> [DIRECTIONS FOR THIS TASK]: Once the line with "Nails salon. —AP" has been located in the records below, set down that line and all subsequent lines exactly, omitting the pictures.

[Brief descriptive captions]
==========
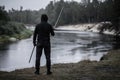 A man in black stands holding a katana in his hand with his back to the camera in the rain in the forest on the edge of Royalty Free Stock Photo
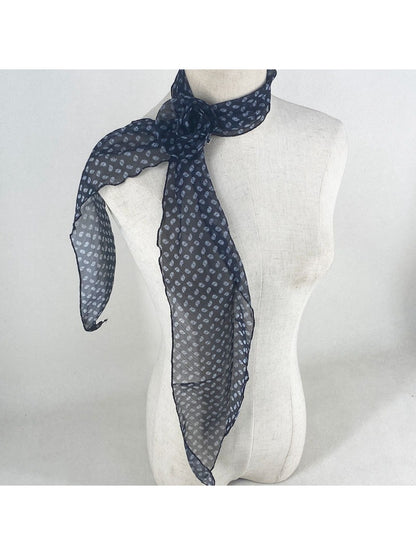 Model wearing vintage polka dot rose neck scarf styled with casual outfit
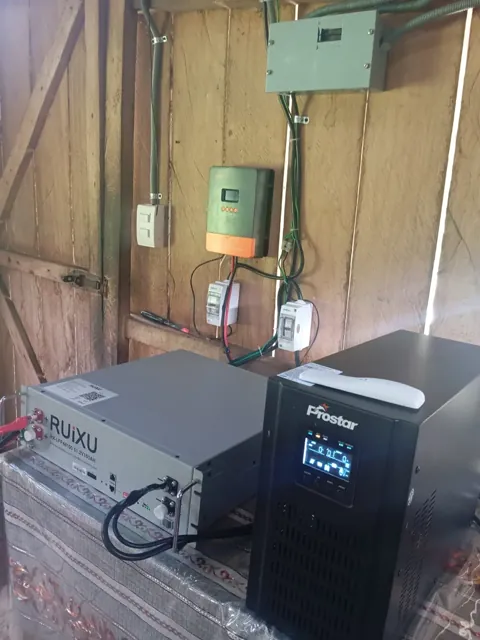 Controlador de carga MPPT, protecciones e inversor instalados en una pared de madera.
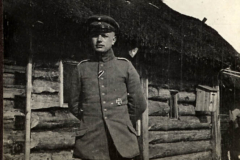 Ein deutscher Soldat im Ersten Weltkrieg vor einer thematisierten Unterkunft in einem Feldlager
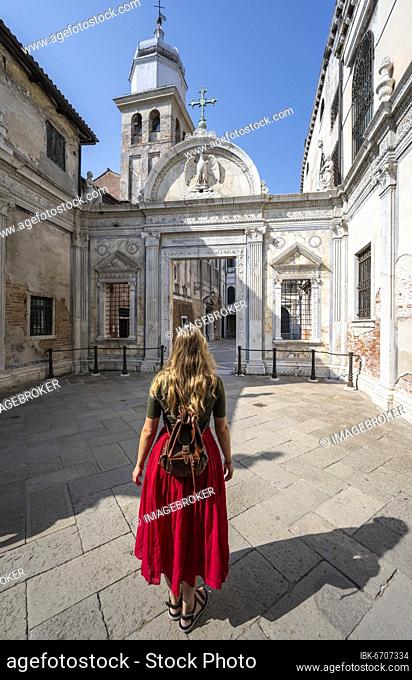 Young woman in front of church San Giovanni Evangelista, Venice, Veneto, Italy, Europe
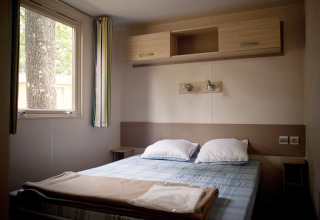 Interieur van een slaapkamer in een glamping mobile home cottage, met tweepersoonsbed en raam.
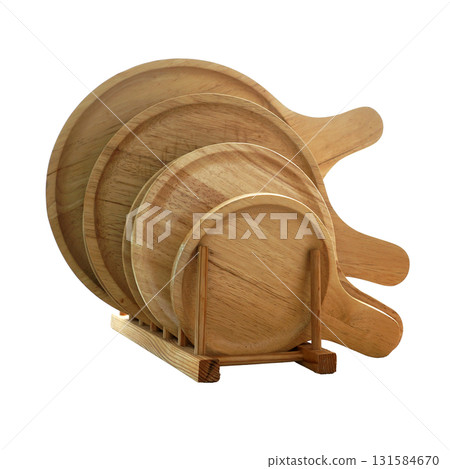 Round wooden cutting boards with handles in various sizes fit in a wooden holder isolated on white background Round wooden cutting boards with handles in various sizes fit in a wooden holder isolated on white background 131584670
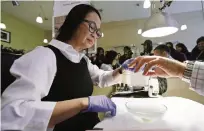  ??  ?? ALAMEDA, California: In this Nov 30, 2016 photo, Lan-Anh Truong performs a manicure at her Leann’s Nails salon. —AP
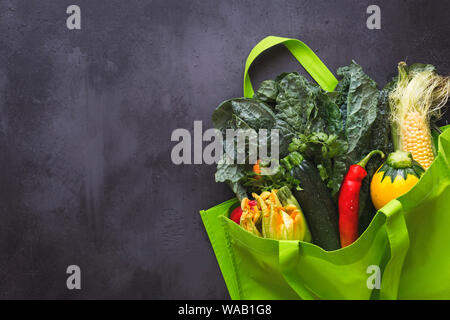 Prodotti freschi dal mercato degli agricoltori in borsa shopping riutilizzabile su rustiche superficie scura. Vista dall'alto, uno spazio vuoto Foto Stock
==========
> [RESULT FOR THIS TASK]:
  ??  ?? ALAMEDA, California: In this Nov 30, 2016 photo, Lan-Anh Truong performs a manicure at her Leann’s Nails salon. —AP
 Prodotti freschi dal mercato degli agricoltori in borsa shopping riutilizzabile su rustiche superficie scura. Vista dall'alto, uno spazio vuoto Foto Stock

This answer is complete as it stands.